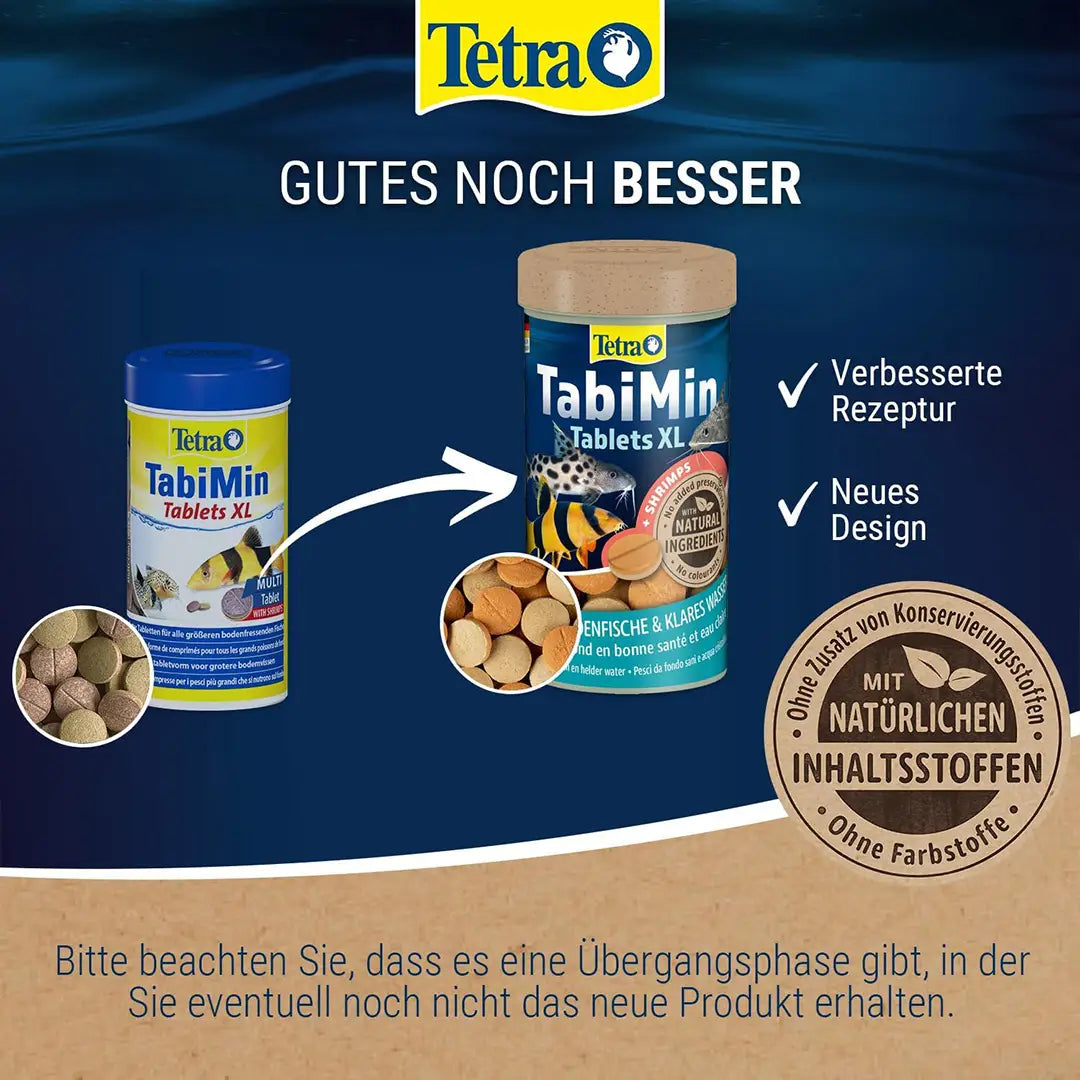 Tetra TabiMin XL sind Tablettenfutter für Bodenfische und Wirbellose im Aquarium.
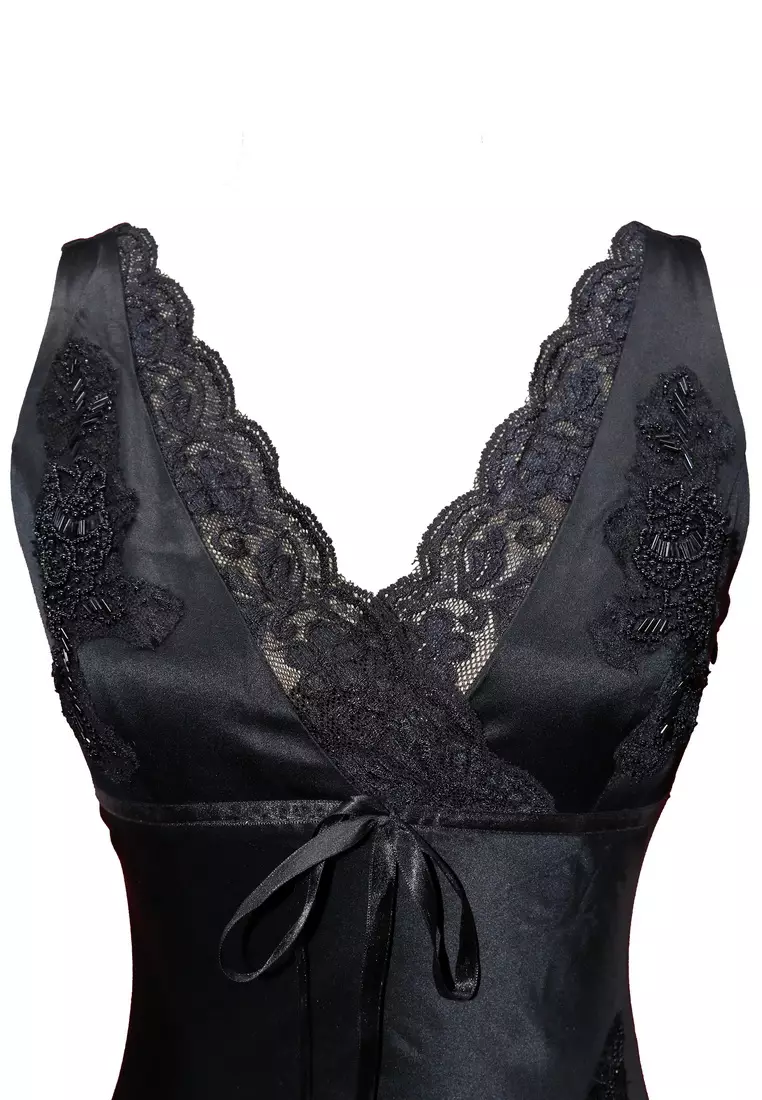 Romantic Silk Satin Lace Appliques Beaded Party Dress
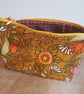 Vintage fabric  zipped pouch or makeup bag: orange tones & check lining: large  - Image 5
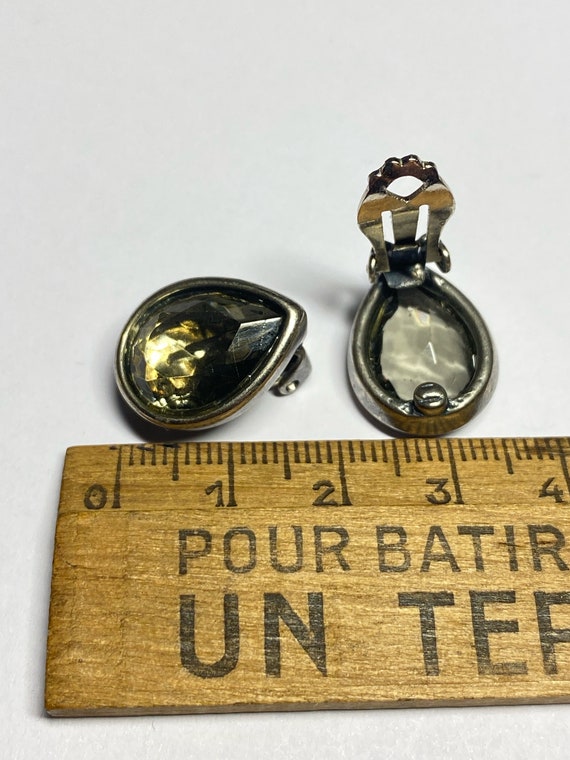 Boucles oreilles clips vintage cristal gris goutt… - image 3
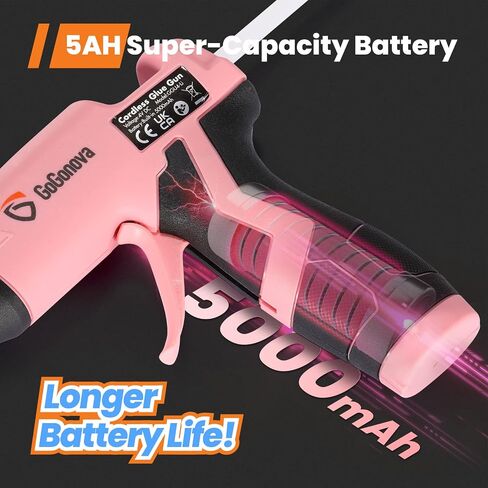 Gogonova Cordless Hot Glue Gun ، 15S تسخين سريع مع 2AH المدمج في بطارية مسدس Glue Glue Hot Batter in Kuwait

How to complete this task ->
Everything from the line containing "Boucles oreilles clips" through the end of the data should be printed exactly, line for line, except the pictures.

Solution to this problem ->
 Boucles oreilles clips vintage cristal gris goutt… - image 3
 Gogonova Cordless Hot Glue Gun ، 15S تسخين سريع مع 2AH المدمج في بطارية مسدس Glue Glue Hot Batter in Kuwait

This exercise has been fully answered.